Over time the growth of state activity caused a considerable increase in the number of public servants, and their decisions and those of ministers of the Crown can impact seriously upon the rights and freedoms of people. In 1962 the Office of the Ombudsman was introduced to provide a person to whom grievances could be referred. The ombudsmen form opinions about the complaints made about central, regional and local government after carrying out investigations. An ombudsman may reach a conclusion that a decision has been unfair, contrary to law, unreasonable, unjust, oppressive or just plain wrong. While recommendations by the ombudsmen are not legally binding, they carry a lot of weight and are usually acted upon.

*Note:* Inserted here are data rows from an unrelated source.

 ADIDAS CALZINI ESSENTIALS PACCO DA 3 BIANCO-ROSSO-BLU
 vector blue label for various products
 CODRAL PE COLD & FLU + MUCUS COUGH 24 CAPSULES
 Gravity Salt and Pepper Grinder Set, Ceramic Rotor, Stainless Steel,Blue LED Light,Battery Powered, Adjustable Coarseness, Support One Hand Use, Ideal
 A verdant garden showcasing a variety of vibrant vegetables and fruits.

The ombudsmen also review, upon receiving a complaint, decisions to decline the release of information under the Official Information Act 1982. This statute plays an important constitutional role in keeping government transparent and open.
Historically in New Zealand too much policy has been contained in regulations rather than statutes (acts). Regulations are authorised by acts of Parliament but they are made by the governor-general in council on the recommendation of cabinet. For example, the Economic Stabilisation Act 1948 allowed regulations to be made to control all wages, prices and other aspects of the economy. In response to this problem the Regulations (Disallowance) Act 1989 was passed, and complaints about delegated legislation can be made to the Regulations Review Committee of Parliament.
Other review authorities
In recent years there has been a proliferation of agencies to which the public can complain for review of various decisions or actions. Some of these are the Independent Police Complaints Authority, the Human Rights Commission, the race relations commissioner, the privacy commissioner, the parliamentary commissioner for the environment, the health and disability commissioner and the children’s commissioner.

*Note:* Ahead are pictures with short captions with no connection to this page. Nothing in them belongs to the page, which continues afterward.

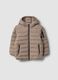 Giubbotto Utralight beige imbottito con cappuccio e zip per bambino_0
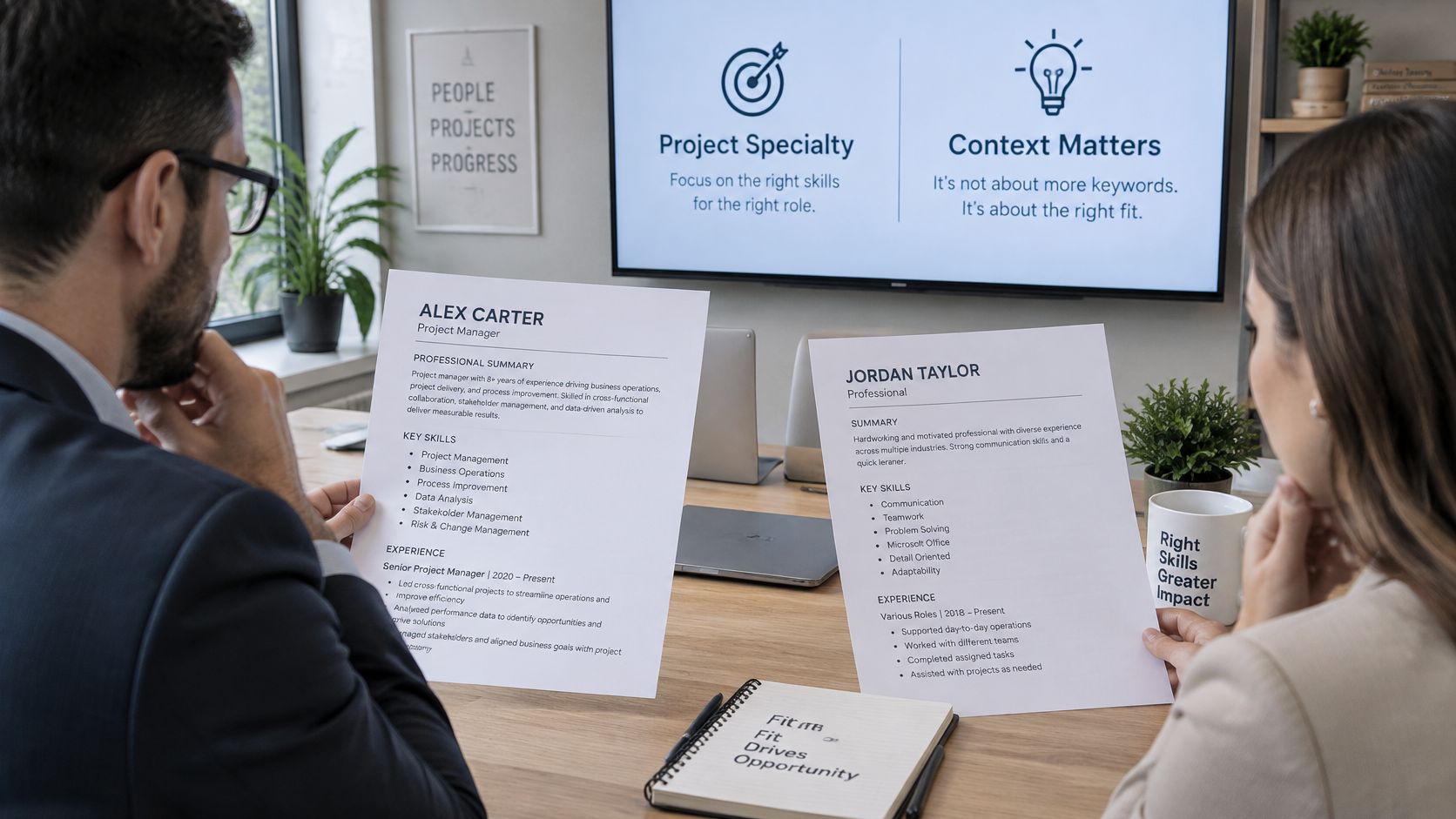 A professional man and woman review two different resumes while discussing hiring strategies in an office setting.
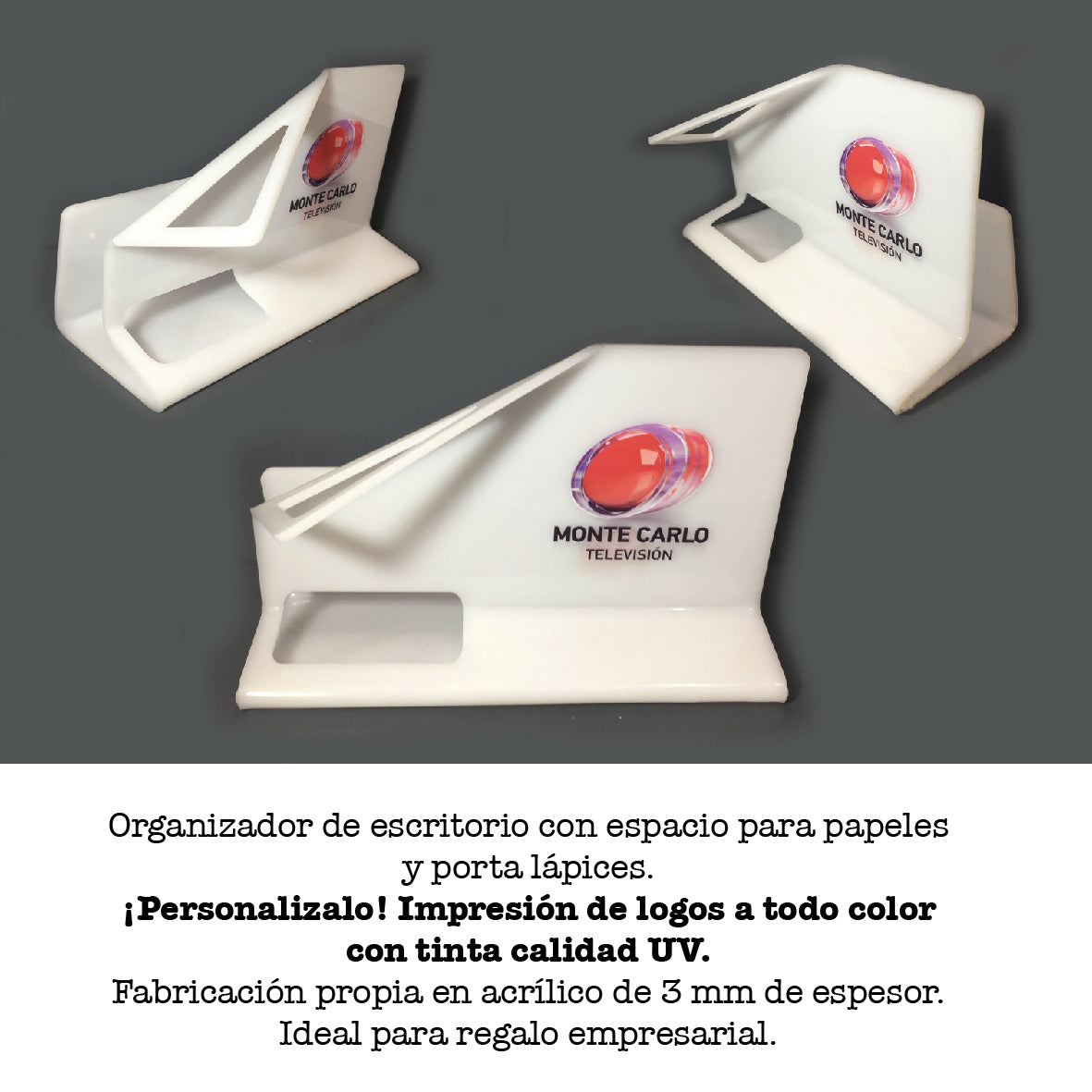 Organizador Denim de acrílico. Logo personalizado, regalo empresarial.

Since the 1960s the courts have developed the techniques of administrative law to review the legality of government action. The Judicature Amendment Act 1972 said that ‘the exercise, refusal to exercise, or proposed or purported exercise by any person of any statutory power’ could be judicially reviewed by the High Court. Judicial review is a keystone of New Zealand public law and a significant contribution to the rule of law. Furthermore, the New Zealand Bill of Rights Act 1990 provides that ‘Every person whose rights, obligations or interests protected or recognised by law have been affected by a determination of any tribunal or other public authority has the right to apply, in accordance with law, for judicial review of that determination.’ The grounds for judicial review are essentially those developed by the judges in cases that come before them, and it is a branch of common law assisted by statute.
At its base administrative law is about fairness. Breaches of natural justice or of legitimate expectations, illegality or irrationality, or lack of consultation when there should have been consultation, can make decisions invalid. In New Zealand the government is subject to the law and not above it.